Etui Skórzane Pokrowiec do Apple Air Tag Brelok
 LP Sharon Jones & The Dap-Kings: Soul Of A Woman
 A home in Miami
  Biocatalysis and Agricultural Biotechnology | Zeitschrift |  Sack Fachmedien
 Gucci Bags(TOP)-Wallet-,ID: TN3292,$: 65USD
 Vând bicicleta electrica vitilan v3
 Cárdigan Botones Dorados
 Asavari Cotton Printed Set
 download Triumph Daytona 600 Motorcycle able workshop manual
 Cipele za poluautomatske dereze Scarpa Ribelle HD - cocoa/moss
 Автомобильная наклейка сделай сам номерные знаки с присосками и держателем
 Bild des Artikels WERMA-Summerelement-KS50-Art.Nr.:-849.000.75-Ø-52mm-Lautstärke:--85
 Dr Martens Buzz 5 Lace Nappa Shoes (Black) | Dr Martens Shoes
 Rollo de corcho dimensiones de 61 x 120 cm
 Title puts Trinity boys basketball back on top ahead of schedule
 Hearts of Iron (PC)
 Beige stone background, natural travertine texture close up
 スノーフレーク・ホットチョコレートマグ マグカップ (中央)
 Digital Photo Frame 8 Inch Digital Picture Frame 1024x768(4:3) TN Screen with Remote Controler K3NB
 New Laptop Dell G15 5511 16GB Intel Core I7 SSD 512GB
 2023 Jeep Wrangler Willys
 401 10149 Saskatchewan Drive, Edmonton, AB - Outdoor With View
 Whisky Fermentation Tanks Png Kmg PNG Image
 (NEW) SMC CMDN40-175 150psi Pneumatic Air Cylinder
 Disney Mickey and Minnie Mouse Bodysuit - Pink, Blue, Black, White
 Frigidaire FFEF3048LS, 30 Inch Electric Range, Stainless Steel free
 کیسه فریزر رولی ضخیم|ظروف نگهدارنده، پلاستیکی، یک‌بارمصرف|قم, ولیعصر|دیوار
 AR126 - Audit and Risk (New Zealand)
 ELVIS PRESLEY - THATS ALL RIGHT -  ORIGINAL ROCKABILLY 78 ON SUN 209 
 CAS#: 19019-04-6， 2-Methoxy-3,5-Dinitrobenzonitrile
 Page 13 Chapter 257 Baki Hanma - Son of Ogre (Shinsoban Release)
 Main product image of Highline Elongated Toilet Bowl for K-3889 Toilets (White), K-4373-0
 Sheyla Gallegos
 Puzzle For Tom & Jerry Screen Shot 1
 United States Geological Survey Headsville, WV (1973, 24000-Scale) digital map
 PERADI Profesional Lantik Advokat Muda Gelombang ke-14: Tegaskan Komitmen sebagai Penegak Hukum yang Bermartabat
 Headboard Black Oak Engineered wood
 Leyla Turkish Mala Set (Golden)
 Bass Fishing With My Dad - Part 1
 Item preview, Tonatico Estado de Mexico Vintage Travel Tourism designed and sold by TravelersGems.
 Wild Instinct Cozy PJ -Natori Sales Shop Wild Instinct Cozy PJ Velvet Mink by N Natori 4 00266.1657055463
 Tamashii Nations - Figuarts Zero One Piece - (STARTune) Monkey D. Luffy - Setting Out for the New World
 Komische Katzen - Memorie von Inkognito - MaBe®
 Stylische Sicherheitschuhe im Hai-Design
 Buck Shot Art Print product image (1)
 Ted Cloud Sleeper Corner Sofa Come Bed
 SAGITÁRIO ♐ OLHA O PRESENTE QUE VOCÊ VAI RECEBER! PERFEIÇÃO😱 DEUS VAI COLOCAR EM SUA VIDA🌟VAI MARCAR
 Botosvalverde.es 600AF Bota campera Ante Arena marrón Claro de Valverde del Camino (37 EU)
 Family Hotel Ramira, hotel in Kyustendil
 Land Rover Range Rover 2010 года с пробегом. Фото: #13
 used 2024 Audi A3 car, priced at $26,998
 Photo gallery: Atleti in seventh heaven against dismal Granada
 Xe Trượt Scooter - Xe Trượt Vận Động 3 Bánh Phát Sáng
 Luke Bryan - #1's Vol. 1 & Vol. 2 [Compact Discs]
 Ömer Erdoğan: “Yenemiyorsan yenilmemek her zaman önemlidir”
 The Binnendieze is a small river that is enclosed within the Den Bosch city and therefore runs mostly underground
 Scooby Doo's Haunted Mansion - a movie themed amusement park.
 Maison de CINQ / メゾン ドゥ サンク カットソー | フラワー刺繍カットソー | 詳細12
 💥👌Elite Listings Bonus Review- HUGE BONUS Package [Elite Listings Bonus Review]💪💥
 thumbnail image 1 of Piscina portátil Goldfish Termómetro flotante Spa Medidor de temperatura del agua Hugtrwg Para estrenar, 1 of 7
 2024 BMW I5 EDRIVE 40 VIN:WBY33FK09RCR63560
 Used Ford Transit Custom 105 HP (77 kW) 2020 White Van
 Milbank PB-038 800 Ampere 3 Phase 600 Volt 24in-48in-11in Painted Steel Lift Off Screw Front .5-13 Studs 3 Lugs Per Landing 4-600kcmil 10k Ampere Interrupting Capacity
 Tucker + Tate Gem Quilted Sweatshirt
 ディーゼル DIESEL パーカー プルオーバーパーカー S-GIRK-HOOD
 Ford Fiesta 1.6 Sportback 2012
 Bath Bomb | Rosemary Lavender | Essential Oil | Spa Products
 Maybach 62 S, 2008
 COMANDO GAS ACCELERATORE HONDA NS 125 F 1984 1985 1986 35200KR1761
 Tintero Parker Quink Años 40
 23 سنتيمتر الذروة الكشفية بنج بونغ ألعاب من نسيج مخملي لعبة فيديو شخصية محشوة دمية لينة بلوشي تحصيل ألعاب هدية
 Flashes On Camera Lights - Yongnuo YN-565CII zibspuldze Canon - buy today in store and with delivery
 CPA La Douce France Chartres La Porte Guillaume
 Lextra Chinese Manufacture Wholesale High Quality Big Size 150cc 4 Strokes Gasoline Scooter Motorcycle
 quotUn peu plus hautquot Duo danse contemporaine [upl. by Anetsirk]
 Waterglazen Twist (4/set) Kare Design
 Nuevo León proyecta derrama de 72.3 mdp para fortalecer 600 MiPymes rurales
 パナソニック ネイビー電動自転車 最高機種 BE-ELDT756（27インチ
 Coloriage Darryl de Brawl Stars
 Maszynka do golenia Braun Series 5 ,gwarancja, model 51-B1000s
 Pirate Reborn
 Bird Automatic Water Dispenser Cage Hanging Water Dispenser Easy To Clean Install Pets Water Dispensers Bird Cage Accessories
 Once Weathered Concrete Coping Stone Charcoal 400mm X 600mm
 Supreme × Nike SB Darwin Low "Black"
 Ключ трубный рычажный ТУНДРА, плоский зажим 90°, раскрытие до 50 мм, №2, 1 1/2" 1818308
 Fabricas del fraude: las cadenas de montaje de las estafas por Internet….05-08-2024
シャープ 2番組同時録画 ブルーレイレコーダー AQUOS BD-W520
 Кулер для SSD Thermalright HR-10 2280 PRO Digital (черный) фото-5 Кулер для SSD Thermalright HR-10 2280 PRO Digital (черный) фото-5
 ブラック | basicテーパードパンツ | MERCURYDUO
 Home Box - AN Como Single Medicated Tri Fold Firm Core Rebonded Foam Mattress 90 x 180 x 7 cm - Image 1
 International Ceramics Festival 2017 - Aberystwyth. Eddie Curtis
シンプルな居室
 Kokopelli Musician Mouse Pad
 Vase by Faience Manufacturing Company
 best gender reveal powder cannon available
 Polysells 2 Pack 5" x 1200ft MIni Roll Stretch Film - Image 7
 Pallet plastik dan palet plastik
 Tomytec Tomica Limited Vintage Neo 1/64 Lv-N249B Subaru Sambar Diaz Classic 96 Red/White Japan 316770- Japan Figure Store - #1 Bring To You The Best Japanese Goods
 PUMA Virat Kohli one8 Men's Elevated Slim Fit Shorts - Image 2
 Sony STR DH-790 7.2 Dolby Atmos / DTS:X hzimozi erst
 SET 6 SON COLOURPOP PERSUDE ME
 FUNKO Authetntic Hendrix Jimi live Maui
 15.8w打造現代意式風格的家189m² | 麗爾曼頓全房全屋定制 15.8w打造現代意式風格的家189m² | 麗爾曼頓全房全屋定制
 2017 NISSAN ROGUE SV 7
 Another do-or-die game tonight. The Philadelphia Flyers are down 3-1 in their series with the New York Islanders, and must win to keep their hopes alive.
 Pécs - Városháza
============
• **REQUIRED ACTION**:
From the line holding "Botosvalverde.es 600AF Bota" to the line holding "Listings Bonus Review]💪💥", inclusive, restate each line above exactly as written.

• **ANSWER SPACE**:
 Botosvalverde.es 600AF Bota campera Ante Arena marrón Claro de Valverde del Camino (37 EU)
 Family Hotel Ramira, hotel in Kyustendil
 Land Rover Range Rover 2010 года с пробегом. Фото: #13
 used 2024 Audi A3 car, priced at $26,998
 Photo gallery: Atleti in seventh heaven against dismal Granada
 Xe Trượt Scooter - Xe Trượt Vận Động 3 Bánh Phát Sáng
 Luke Bryan - #1's Vol. 1 & Vol. 2 [Compact Discs]
 Ömer Erdoğan: “Yenemiyorsan yenilmemek her zaman önemlidir”
 The Binnendieze is a small river that is enclosed within the Den Bosch city and therefore runs mostly underground
 Scooby Doo's Haunted Mansion - a movie themed amusement park.
 Maison de CINQ / メゾン ドゥ サンク カットソー | フラワー刺繍カットソー | 詳細12
 💥👌Elite Listings Bonus Review- HUGE BONUS Package [Elite Listings Bonus Review]💪💥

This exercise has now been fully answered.